----- Recorded information

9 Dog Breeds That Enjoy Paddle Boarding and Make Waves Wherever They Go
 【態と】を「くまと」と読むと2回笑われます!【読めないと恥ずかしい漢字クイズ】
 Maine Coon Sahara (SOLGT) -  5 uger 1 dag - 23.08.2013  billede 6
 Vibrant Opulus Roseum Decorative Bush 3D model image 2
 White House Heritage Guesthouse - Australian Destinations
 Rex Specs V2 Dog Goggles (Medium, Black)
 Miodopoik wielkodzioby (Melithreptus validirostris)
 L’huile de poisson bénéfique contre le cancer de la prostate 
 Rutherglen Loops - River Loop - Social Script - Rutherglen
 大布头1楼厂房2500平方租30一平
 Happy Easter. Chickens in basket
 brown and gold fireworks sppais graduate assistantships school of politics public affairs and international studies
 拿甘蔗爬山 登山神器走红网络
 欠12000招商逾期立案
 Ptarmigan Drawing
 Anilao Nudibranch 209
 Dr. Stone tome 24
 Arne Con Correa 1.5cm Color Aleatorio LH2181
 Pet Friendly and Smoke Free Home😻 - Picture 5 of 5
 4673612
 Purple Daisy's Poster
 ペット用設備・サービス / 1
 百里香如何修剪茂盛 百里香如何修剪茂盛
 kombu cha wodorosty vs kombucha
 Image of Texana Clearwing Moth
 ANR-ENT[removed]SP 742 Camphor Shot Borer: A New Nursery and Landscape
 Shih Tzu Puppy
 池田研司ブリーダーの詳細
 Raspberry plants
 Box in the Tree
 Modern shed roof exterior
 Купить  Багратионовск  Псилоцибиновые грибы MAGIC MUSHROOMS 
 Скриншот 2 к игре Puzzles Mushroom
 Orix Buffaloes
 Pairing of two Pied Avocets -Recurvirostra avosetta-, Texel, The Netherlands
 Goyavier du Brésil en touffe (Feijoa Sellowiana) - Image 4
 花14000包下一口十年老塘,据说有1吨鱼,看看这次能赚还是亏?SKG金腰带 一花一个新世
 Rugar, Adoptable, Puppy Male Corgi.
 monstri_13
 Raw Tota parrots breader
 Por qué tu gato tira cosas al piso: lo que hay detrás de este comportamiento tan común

----------

#### [Goal of the exercise]
Retype each line of the data exactly as it reads.

#### [Solution for this exercise]
9 Dog Breeds That Enjoy Paddle Boarding and Make Waves Wherever They Go
 【態と】を「くまと」と読むと2回笑われます!【読めないと恥ずかしい漢字クイズ】
 Maine Coon Sahara (SOLGT) -  5 uger 1 dag - 23.08.2013  billede 6
 Vibrant Opulus Roseum Decorative Bush 3D model image 2
 White House Heritage Guesthouse - Australian Destinations
 Rex Specs V2 Dog Goggles (Medium, Black)
 Miodopoik wielkodzioby (Melithreptus validirostris)
 L’huile de poisson bénéfique contre le cancer de la prostate 
 Rutherglen Loops - River Loop - Social Script - Rutherglen
 大布头1楼厂房2500平方租30一平
 Happy Easter. Chickens in basket
 brown and gold fireworks sppais graduate assistantships school of politics public affairs and international studies
 拿甘蔗爬山 登山神器走红网络
 欠12000招商逾期立案
 Ptarmigan Drawing
 Anilao Nudibranch 209
 Dr. Stone tome 24
 Arne Con Correa 1.5cm Color Aleatorio LH2181
 Pet Friendly and Smoke Free Home😻 - Picture 5 of 5
 4673612
 Purple Daisy's Poster
 ペット用設備・サービス / 1
 百里香如何修剪茂盛 百里香如何修剪茂盛
 kombu cha wodorosty vs kombucha
 Image of Texana Clearwing Moth
 ANR-ENT[removed]SP 742 Camphor Shot Borer: A New Nursery and Landscape
 Shih Tzu Puppy
 池田研司ブリーダーの詳細
 Raspberry plants
 Box in the Tree
 Modern shed roof exterior
 Купить  Багратионовск  Псилоцибиновые грибы MAGIC MUSHROOMS 
 Скриншот 2 к игре Puzzles Mushroom
 Orix Buffaloes
 Pairing of two Pied Avocets -Recurvirostra avosetta-, Texel, The Netherlands
 Goyavier du Brésil en touffe (Feijoa Sellowiana) - Image 4
 花14000包下一口十年老塘,据说有1吨鱼,看看这次能赚还是亏?SKG金腰带 一花一个新世
 Rugar, Adoptable, Puppy Male Corgi.
 monstri_13
 Raw Tota parrots breader
 Por qué tu gato tira cosas al piso: lo que hay detrás de este comportamiento tan común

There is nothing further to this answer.